Mais le vrai se définit précisément de ne supposer aucune garantie de la part du savoir (en matière de vérité, l’expertise ne compte pas) et de ne produire aucun effet dans le réel sinon un effet de vérité dont on ne peut reconnaître la réalité qu’à avoir préalablement accepté que ce qui compte ne consiste en rien. Cet effet de vérité, subjectivement, c’est la méditation qu’on peut prendre pour une réflexion à laquelle on aurait retirée la discursivité, et objectivement c’est la marque de l’origine, qu’on peut prendre pour une trace du commencement.

Rien là que de très banal : le jugement de vérité est un acte subjectif où un sujet traite la question qu’il est pour lui-même, alors que le jugement de réalité est une opération d’application (certes schématique et donc malgré tout actuelle) d’un savoir où le sujet esquive la question qu’il est pour lui-même.

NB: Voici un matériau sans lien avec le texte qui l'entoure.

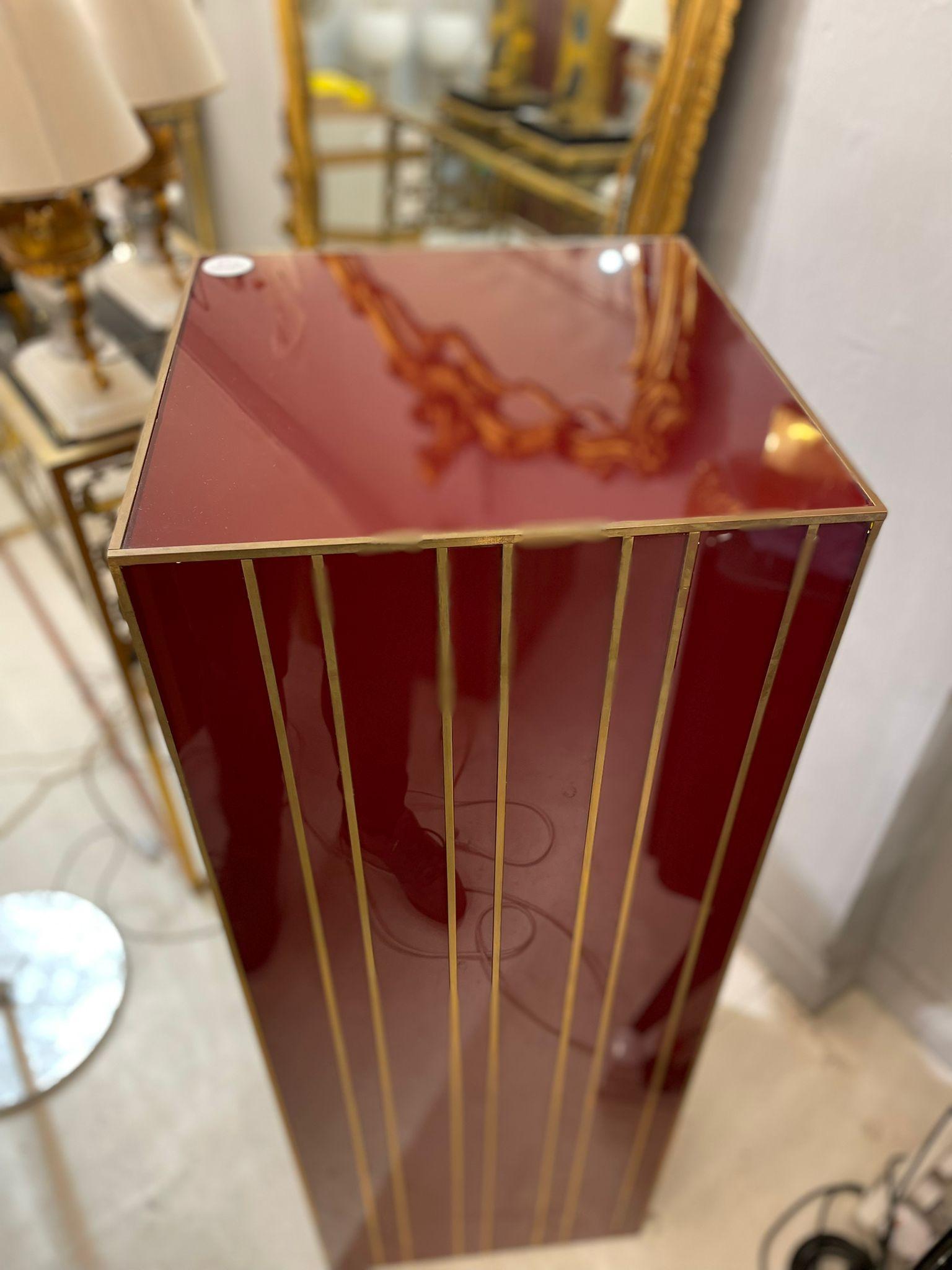 Plinth in Bordeaux Color Glass and Brass Decorations, Italy 1980s In Good Condition For Sale In London, GB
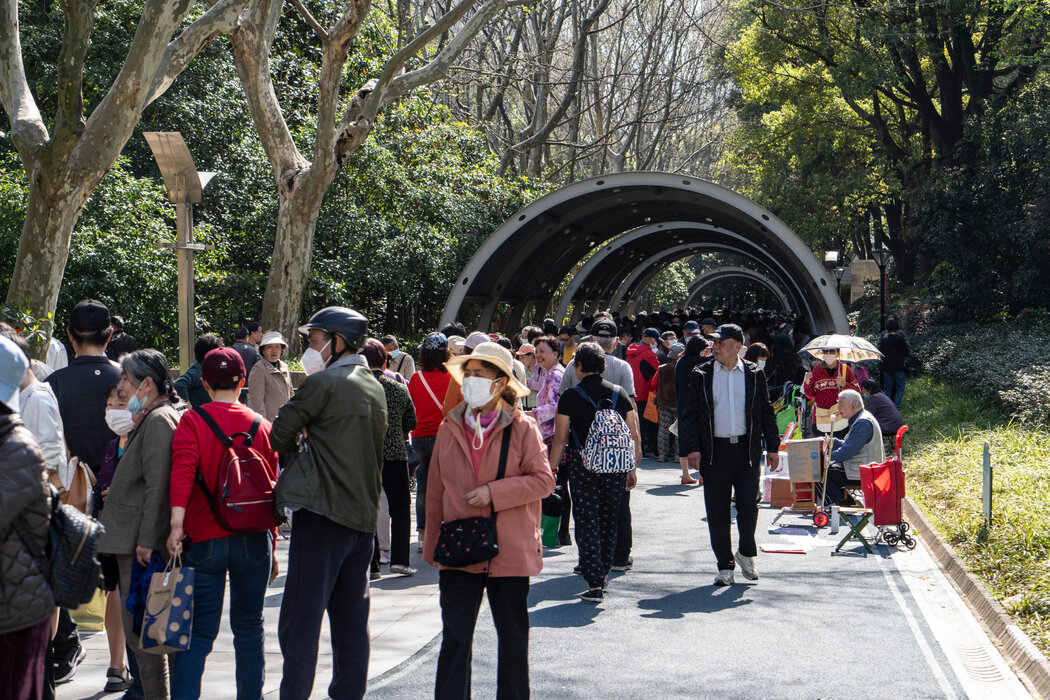 人民公園的「相親市場」主要是針對來這裡為未婚子女找對象的父母，它也啟發了老年人將公園作為聚會場所的想法。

Quand, m’appuyant sur une compétence que je possède réellement, je porte un jugement sur la réalité et par conséquent sur la valeur d’un objet (quand je corrige des dissertations, par exemple, lesquelles ont d’abord à être des dissertations avec tout ce que cela suppose d’exigence conventionnelle), j’esquive littéralement la question que je suis pour moi-même et d’autant mieux que je mobilise plus sérieusement ma compétence (il faut produire la correction que n’importe quel collègue aurait raison de produire, celle qui fera de la note finale une nécessité idéalement automatique). Telle est la désinvolture : cette production d’anonymat à propos de soi par un sujet qui a raison, pour la raison expresse qu’il a raison !

Par contre, au musée devant un ready made, pour prendre l’exemple le plus évident, il faut bien que je décide que j’ai affaire à une œuvre et non pas à une simple imposture comme il en est tant en art dit ” contemporain “, dans un acte que je puis seulement signer et jamais justifier et qui par là même décide de moi comme sujet du regard qui vient d’avoir lieu. Là, impossible de se défiler, sauf justement à s’en tenir à des nécessités objectives corrélatives d’un jugement anonyme (le métier, le talent, voire la renommée de l’auteur prétendu, autant de choses que tout le monde peut apprécier semblablement), autrement dit sauf à être désinvolte.

L’opposition de ce qui compte et de ce qui importe, dont la désinvolture est à la fois la reconnaissance et le refus – dont elle est le déni, donc – donne par conséquent lieu à un chiasme qu’il faut dire éthique, si ce dernier terme désigne l’engagement du sujet dans son acte, engagement par lequel il statue sur lui-même sans le vouloir et sans y penser.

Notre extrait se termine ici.